Prop. 1A also requires the state to suspend a mandate in any year in which local governments’ costs are not fully reimbursed.
What do the Governor and the Legislature Do?
Approves, modifies, or rejects spending proposals prepared by state departments and agencies through an internal process coordinated by the DOF.
Proposes a spending plan for the state each January, which is introduced as the budget bill in the Legislature.
Updates and revises the proposed budget each May (the “May Revision”).
Signs or vetoes the bills included in the budget package.
Can veto all or part of individual appropriations (line items), but cannot increase any appropriations above the level approved by the Legislature.
Approves, modifies, or rejects the governor’s proposals.
Can add new spending or make other changes that substantially revise the governor’s proposals.
Needs a simple majority vote of each house to pass the budget bill and Prop. 25 budget-related bills.
Needs a two-thirds vote to pass certain other bills that may be part of the budget package, such as bills that increase taxes or propose constitutional amendments.

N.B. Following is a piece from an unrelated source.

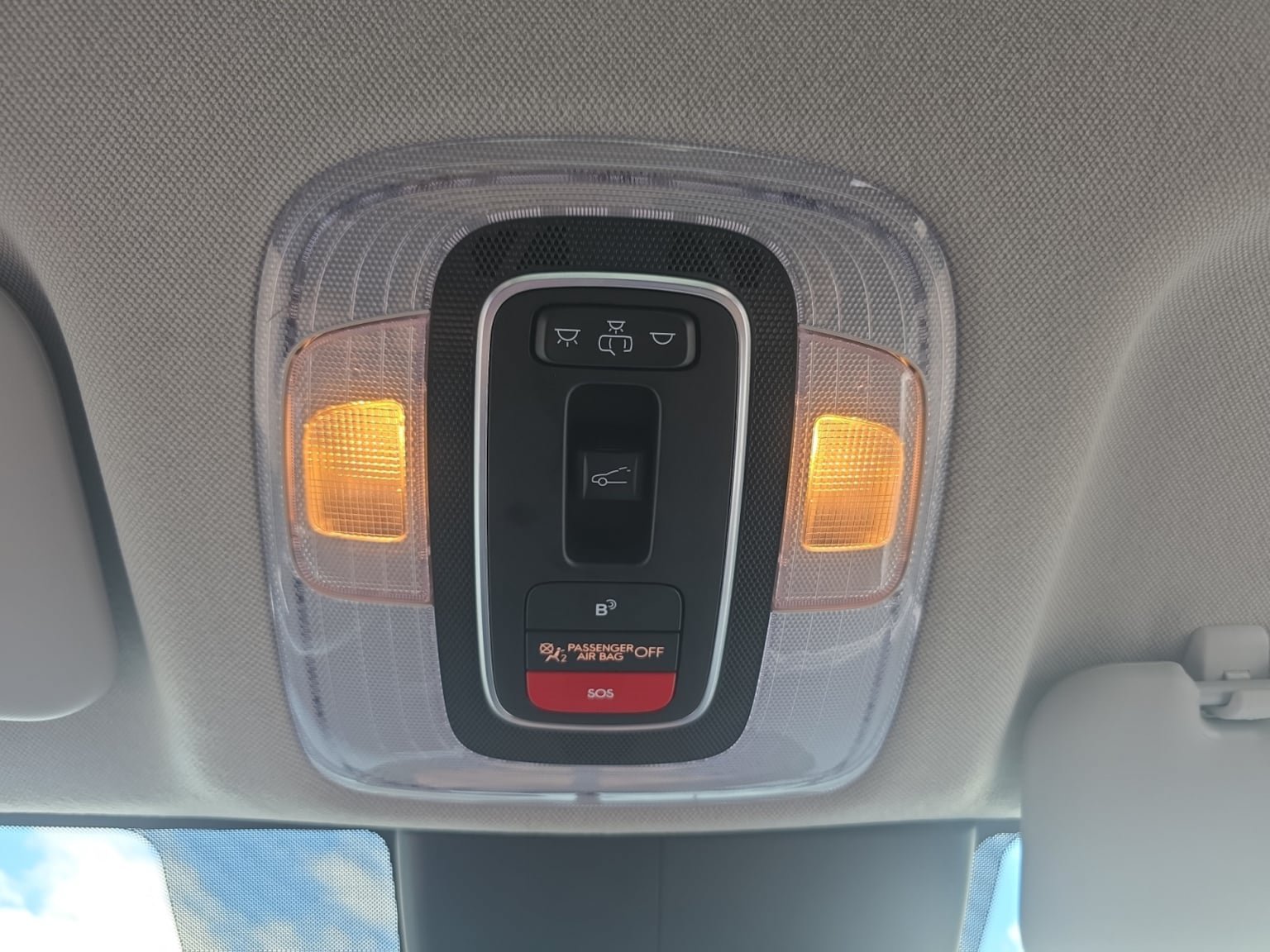 Used 2025 Hyundai Elantra SEL FWD image 23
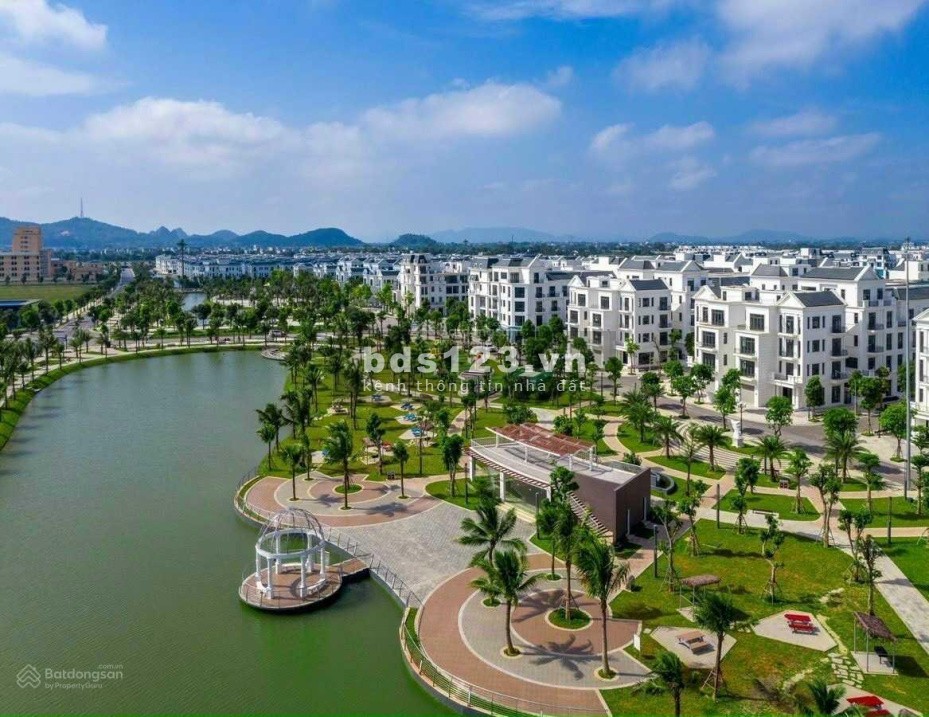 Bán nhanh căn hộ 52m2 2pn 1wc hướng nhìn ra vinhome city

Needs a two-thirds vote of each house to override the governor’s veto of a bill or an appropriation.
What Happens When?
The state budget process is cyclical. Decisions are made throughout the year.

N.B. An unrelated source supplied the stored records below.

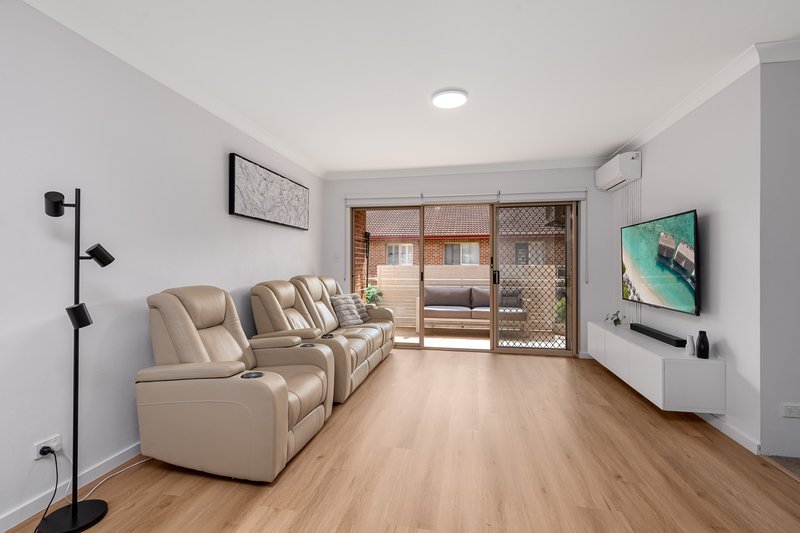 Photo - 16/4-6 Vista Street, Caringbah NSW 2229 - Image 2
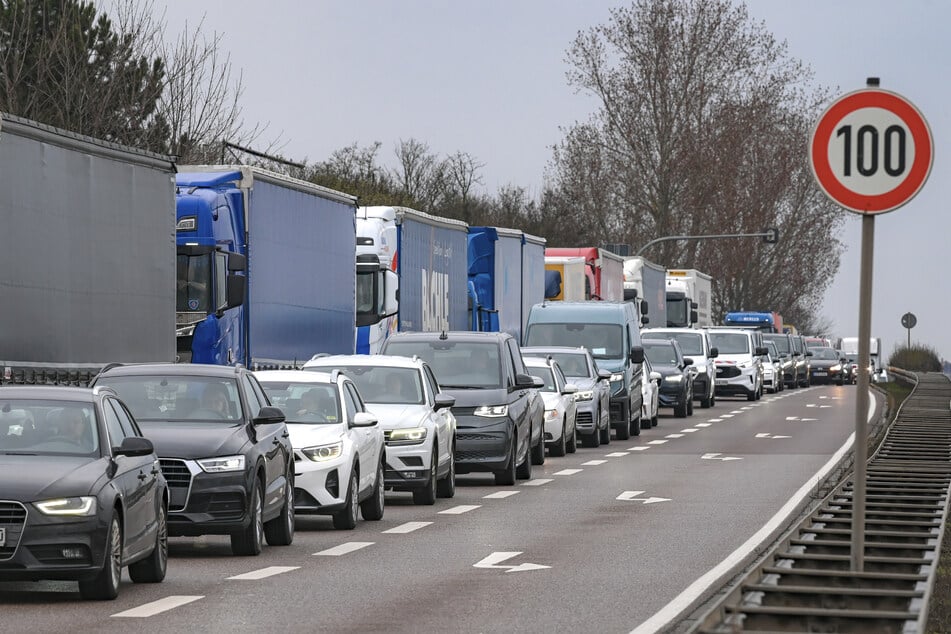 In den Osterferien ist auf den Autobahnen wieder mit Stau zu rechnen. Der ADAC empfiehlt diese Tage zu meiden.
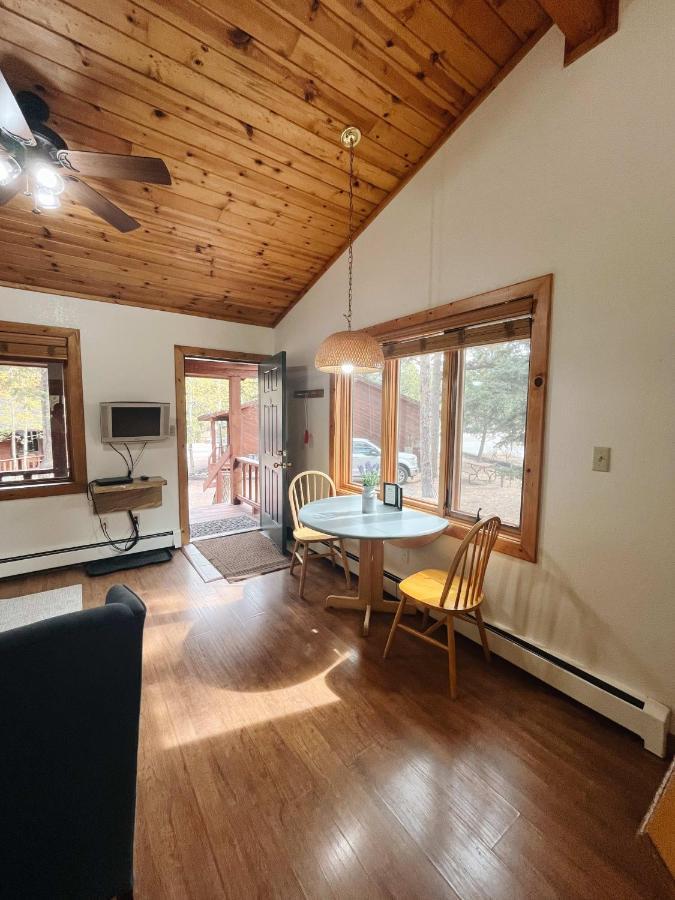 Cozy Cabin Close To Downtown 우드랜드 파크 외부 사진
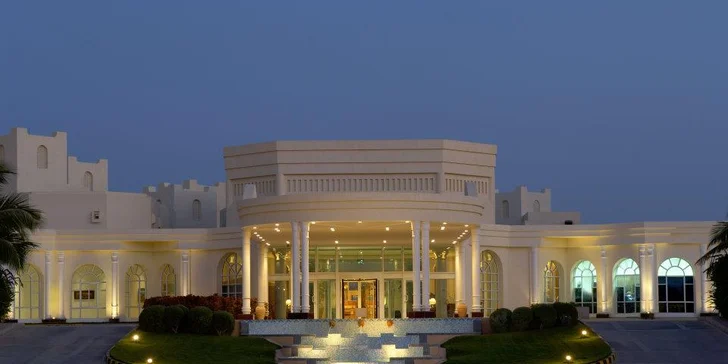Luxusní pobyt v 5* resortu v Ománu: 5–11 nocí s all inclusive, bazén, fitness, přímo u pláže
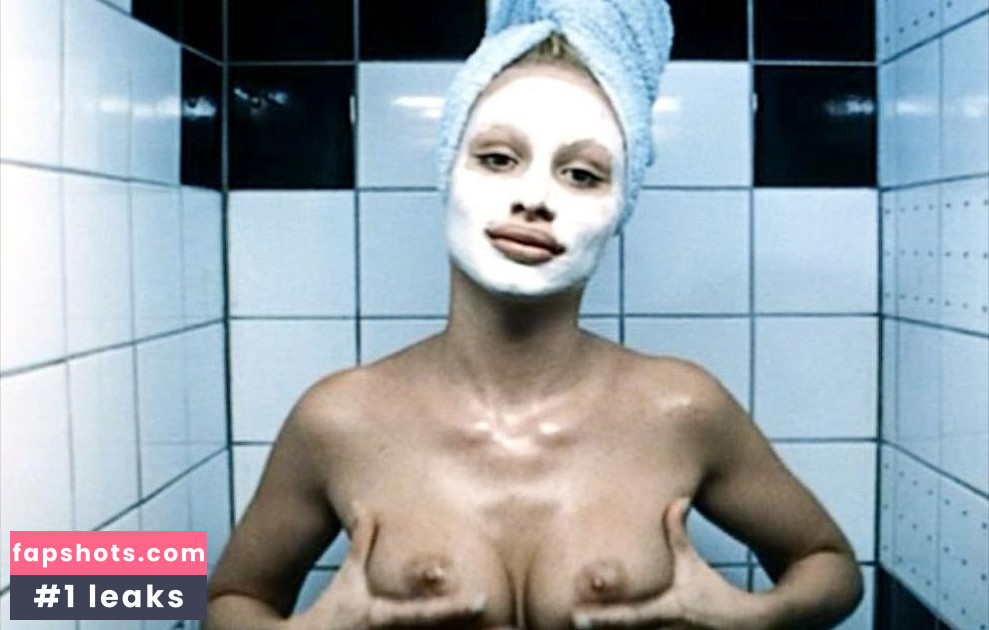 Lisa Grossmann gallery photo #2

State departments and agencies develop baseline budgets to maintain existing service levels in the upcoming fiscal year and may prepare “budget change proposals” intended to alter service levels. The DOF review these documents.
Following a series of meetings within the governor’s administration, the governor makes final decisions and the DOF prepares the proposed budget for release in January.
Independent of the governor, legislative leaders their budget priorities for the upcoming fiscal year.
The governor releases the proposed budget for the upcoming fiscal year.
January to Mid-May
Budget committees and their subcommittees hold dozens of headings to review the governor’s proposals and make initial decisions.
Mid-May to June
The governor releases the May Revision by May 14.
Each house of the Legislature then finalizes its version of the budget. A legislative conference committee may meet to resolve differences.
Legislative leaders and the governor meet to address outstanding issues.
The constitutional deadline for lawmakers to pass the budget bill.
This deadline does not apply to budget-related bills, which can be passed at any time.
The new fiscal year begins.
The governor may sign the budget bill and budget-related bills — as well as issue vetoes — by this date.
July and Beyond
The Legislature may pass, by a simple majority vote, amendments that change the spending levels in the adopted budget bill.
Lawmakers also may pass additional budget-related bills, thus increasing the size and scope of the original budget package.
State departments and agencies develop baseline budgets and budget change proposals for the following fiscal year and submit them to the DOF, starting the state budget process anew.